Professional development that takes place in a workshop, for example, without students present, can approximate the classroom experience through videos, written cases studies or simulation with some of the teachers role playing students. Those who have a lot of experiences in workshops and seminars know that one big barrier, mostly unspoken, in some teachers’ minds is the assumption that it will not work with “my kids.” Even when a master teacher is an effective communicator, it is not until the participants see that master teacher illustrate “good” teaching with their own students on their own campus that the “ah-ha” of learning happens.

In the ExCELS project, a major component of professional development is to bring the teachers into a colleagues’ classroom and model particular approaches. Though the lesson could possibly not work as planned, – everything observed is material for reconstruction, analysis and application.
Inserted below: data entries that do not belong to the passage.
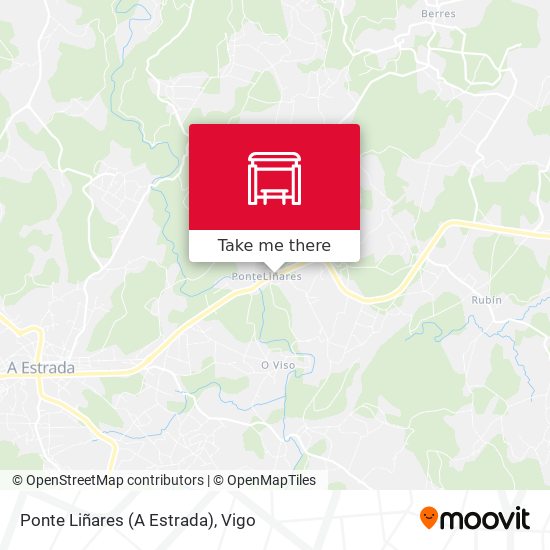 Ponte Liñares (A Estrada) map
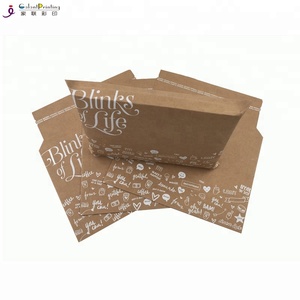 Tùy Chỉnh Bán Buôn Cứng Nhắc Tông Đệm Mailer Phân Hủy Sinh Học Kraft Giấy Expendable Phong Bì Cho Bao Bì - Product Image 4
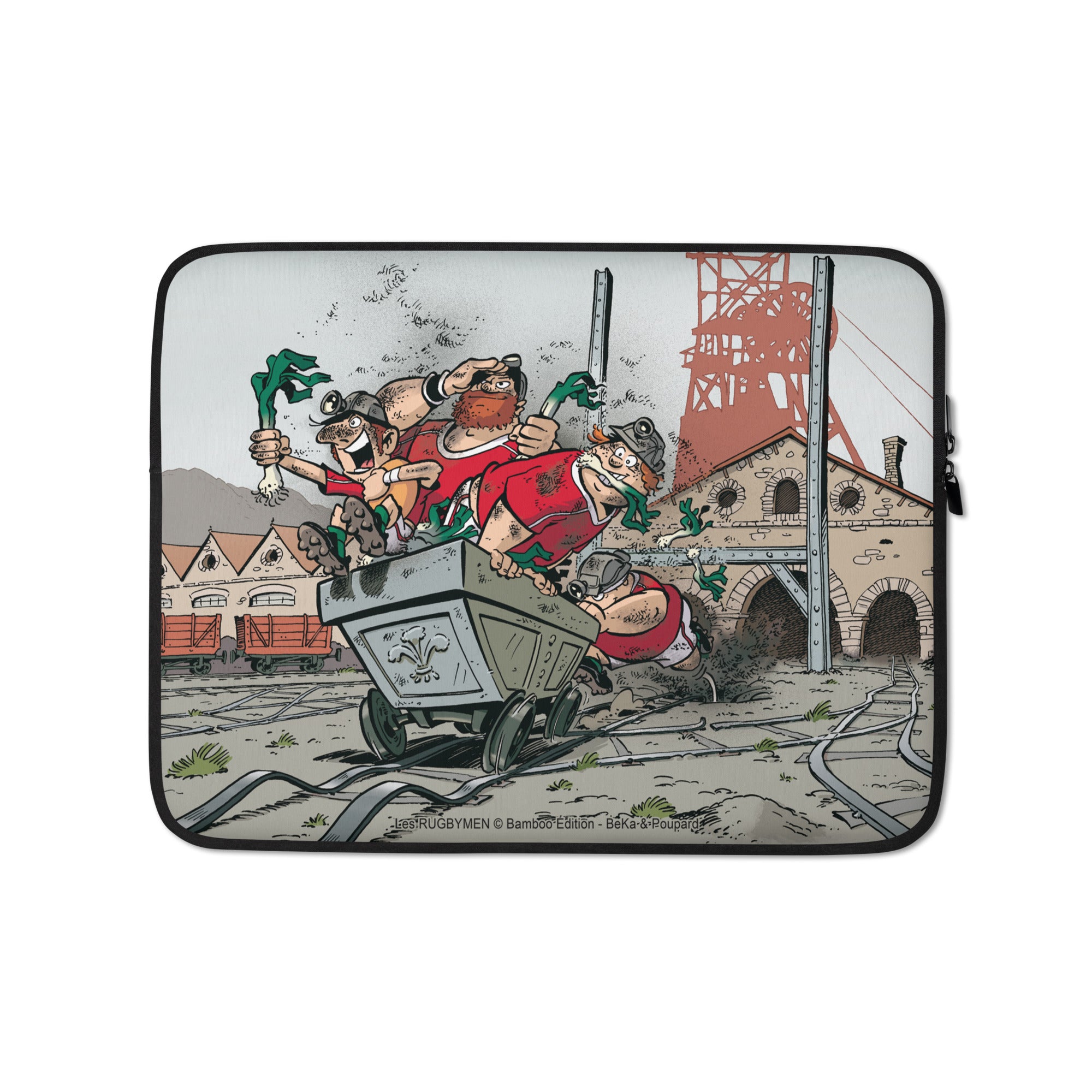 Housse Pour Ordinateur Portable - Voyage au Pays de Galles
Classroom teaching itself as a medium for professional development brings the experience closer to home and physically and intellectually reduces the distance from the observation to the application (Bass et al., 2003).
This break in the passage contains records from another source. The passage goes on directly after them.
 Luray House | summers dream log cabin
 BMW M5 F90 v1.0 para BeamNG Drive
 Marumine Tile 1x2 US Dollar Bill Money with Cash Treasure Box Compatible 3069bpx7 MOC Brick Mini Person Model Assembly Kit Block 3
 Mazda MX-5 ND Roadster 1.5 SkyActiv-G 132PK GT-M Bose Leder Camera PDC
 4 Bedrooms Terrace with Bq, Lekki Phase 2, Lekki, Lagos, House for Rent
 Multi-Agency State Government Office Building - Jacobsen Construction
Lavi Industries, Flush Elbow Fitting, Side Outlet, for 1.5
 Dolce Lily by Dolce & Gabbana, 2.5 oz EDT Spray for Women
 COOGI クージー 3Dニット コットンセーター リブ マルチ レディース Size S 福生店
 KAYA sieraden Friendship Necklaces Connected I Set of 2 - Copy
By locating the work of teacher learning within one of their own classrooms, teachers are more open to implementing strategies they have seen in action. This is akin to the attraction of hands-on workshops at conferences, but it also has deeper benefits and consequences. It gives teachers hope when they see students succeeding in ways that they have not seen before. It opens up the infinite possibilities in peer observations, sharing and support. With sufficient guided practice, it can establish a systemic regularity of reflective dialogue that does not require an external expert to enhance the teaching practice.

Community of Learners

Traditional teaching has given teachers extensive independence and autonomy but has also encouraged isolation and has led to the stereotype of a teacher who taught the same way for 20 years. The current dilemmas of classroom teachers include: pressure overload from external accountability measures, isolation, groupthink colored by pessimism, untapped competence and narrowness of teaching roles (Fullan and Hargreaves, 1996).

Teacher isolation has created paranoia about being observed and has also relegated those teachers of poor, minority and English language learning students to despair about the children ever achieving. In this context, teachers cannot be moved easily by brilliant presenters at conferences or by reading books about other teachers’ successes. If change will come about and pessimism will shift to optimism, we have to provide dramatic, immediate and authentic experiences.

A vibrant community of learners then is one that is guided through mutual observation of successes with their own students, mutual aspiration to improved teaching, and ongoing dialogue. The isolation is removed through the collegial experiences. The lowest common denominator mentality and groupthink are replaced by the infusion of new successful practices, mutual challenges for greater success, and an expanded repertoire of teaching approaches that is accessible to the whole learning community.

Specific Relevance to English Language Learners

One challenge for teachers when they are beginning to focus on English language learners is an artificial duality that separates effective language learning techniques from effective content approaches. When considering the needs of English language learners, it is not useful to consider language acquisition strategies without at the same time considering the concepts required in the content-area lesson such as geometry.

When considering a geometry lesson in angles, we must hold several learner needs simultaneously. They have to view language as one of several critical dimensions that interact to form the learning context. In this way, teachers look not to compensate for language differences, but to understand the role of language in the learning of math, and through that understanding consider a wider array of instructional choices that use language to develop meaning in math.

So, in addition to math vocabulary, we need to consider the movement from concrete to abstract and from conjecture to generalization so that a set of paper triangles the student will manipulate, tear and re-glue (which can be considered an English as a second language technique because it is multi-sensory and tactile) is also an important approach for all students regardless of language ability. Having students arrive at an experiential discussion of pattern is based on the premise that all students will understand the definition of a pattern and retain it in long-term memory if it is arrived at from a cumulative sharing of patterns.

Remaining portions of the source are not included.